-- What is required --
For each line in the records that contains "settings", make a copy.

-- Material for this task --
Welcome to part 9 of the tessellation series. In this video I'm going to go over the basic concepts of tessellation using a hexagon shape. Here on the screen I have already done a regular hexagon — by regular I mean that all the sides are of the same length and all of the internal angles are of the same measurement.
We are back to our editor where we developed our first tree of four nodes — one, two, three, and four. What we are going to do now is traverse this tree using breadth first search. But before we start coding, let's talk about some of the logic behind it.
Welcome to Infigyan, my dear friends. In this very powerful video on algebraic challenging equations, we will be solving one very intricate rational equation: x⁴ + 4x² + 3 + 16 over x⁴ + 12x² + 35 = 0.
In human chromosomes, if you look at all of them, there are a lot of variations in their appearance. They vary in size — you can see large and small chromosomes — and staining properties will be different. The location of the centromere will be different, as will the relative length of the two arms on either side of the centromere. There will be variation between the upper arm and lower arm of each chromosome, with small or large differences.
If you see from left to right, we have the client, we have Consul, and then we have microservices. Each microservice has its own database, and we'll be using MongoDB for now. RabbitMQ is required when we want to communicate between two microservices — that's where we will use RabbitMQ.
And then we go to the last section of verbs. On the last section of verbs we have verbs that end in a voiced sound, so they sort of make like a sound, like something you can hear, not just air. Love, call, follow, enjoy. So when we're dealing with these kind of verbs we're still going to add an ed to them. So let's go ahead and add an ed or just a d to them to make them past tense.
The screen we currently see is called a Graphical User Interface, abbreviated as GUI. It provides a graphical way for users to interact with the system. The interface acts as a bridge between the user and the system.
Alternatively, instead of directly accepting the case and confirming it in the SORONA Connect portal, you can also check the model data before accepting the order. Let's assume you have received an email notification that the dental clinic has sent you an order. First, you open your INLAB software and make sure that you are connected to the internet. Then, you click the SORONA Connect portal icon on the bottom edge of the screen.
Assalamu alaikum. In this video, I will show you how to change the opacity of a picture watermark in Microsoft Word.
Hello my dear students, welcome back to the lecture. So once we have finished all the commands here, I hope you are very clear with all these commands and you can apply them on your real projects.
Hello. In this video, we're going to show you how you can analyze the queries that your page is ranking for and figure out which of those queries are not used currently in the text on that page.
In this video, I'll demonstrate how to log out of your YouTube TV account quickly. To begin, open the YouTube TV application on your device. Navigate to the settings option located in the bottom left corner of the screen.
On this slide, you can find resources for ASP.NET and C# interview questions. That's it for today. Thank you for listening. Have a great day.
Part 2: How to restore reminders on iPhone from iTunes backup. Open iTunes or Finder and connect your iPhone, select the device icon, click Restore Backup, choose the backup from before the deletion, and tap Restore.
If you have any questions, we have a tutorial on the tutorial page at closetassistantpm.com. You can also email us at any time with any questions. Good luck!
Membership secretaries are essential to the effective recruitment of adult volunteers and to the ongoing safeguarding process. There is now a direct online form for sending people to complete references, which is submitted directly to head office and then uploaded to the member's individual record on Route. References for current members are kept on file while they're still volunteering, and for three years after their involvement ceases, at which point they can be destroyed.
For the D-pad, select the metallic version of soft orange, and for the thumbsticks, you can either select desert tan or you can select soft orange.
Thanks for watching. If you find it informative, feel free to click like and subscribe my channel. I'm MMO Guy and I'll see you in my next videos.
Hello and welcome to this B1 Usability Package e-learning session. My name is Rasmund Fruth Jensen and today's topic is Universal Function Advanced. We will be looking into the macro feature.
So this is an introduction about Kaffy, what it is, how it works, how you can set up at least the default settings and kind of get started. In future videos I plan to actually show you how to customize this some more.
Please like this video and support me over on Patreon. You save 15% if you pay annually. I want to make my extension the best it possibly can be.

-- Answer to this task --
In this video, I'll demonstrate how to log out of your YouTube TV account quickly. To begin, open the YouTube TV application on your device. Navigate to the settings option located in the bottom left corner of the screen.
So this is an introduction about Kaffy, what it is, how it works, how you can set up at least the default settings and kind of get started. In future videos I plan to actually show you how to customize this some more.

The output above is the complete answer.